O co chodzi? Firmy transportowe mogły nie zatrudniać u siebie kierowców, którzy pracowali u innych uczestników wspomnianej, podejrzewanej zmowy. Z drugiej strony właściciele sklepów mogli narzucać i egzekwować stosowanie się przez przewoźników do ustalonych zasad. Na czym miałyby polegać? Przedsiębiorca, którego pracownik odszedł z pracy bez porozumienia z nim, składał "blokadę" takiej osoby do sieci. Wówczas taki kierowca nie mógł podjąć zatrudnienia u innego przewoźnika obsługującego dane centrum dystrybucyjne.

Co to jest no-poaching agreement jako porozumienie o niekonkurowaniu?

Porozumienia o niekonkurowaniu pracowników, czyli tzw. no-poaching agreements, wpływają na konkurencję cenową między pracodawcami. Wówczas częste jest, że pensje pracowników są niższe lub nie rosną w takim stopniu, jak w sytuacji, gdy takiej zmowy nie było.

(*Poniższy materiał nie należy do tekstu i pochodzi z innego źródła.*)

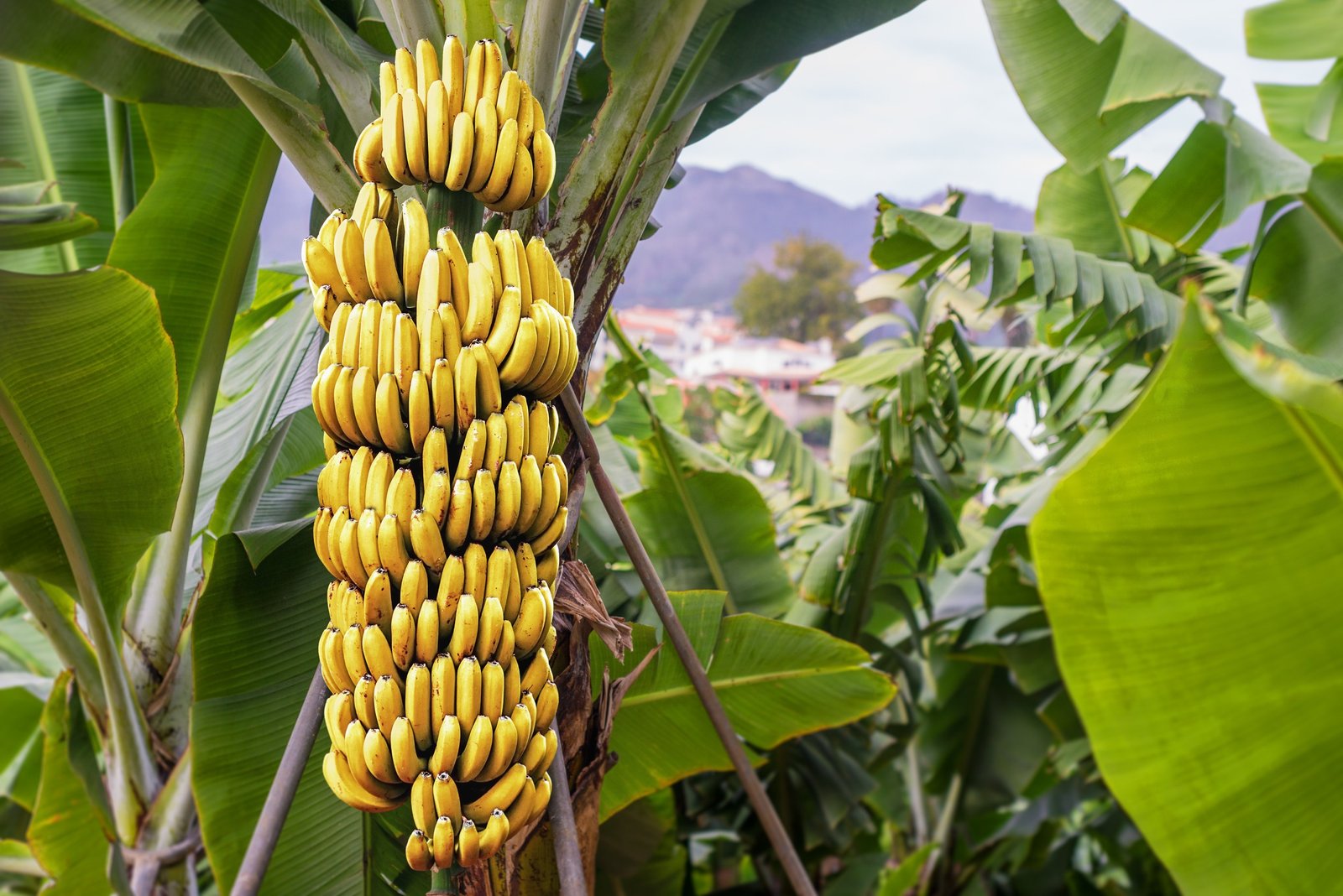 India moves to protect traditional banana varieties through gene banking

Postępowanie wyjaśniające jest w sprawie, a nie przeciwko konkretnym firmom. Gdy zebrany materiał dowodowy potwierdzi podejrzenia, prezes UOKiK rozpocznie postępowanie antymonopolowe i postawi zarzuty konkretnym podmiotom. Za udział w porozumieniu ograniczającym konkurencję grozi kara finansowa w wysokości do 10 proc. obrotu przedsiębiorcy. Menedżerom odpowiedzialnym za zawarcie zmowy grozi natomiast kara pieniężna w wysokości do 2 milionów złotych.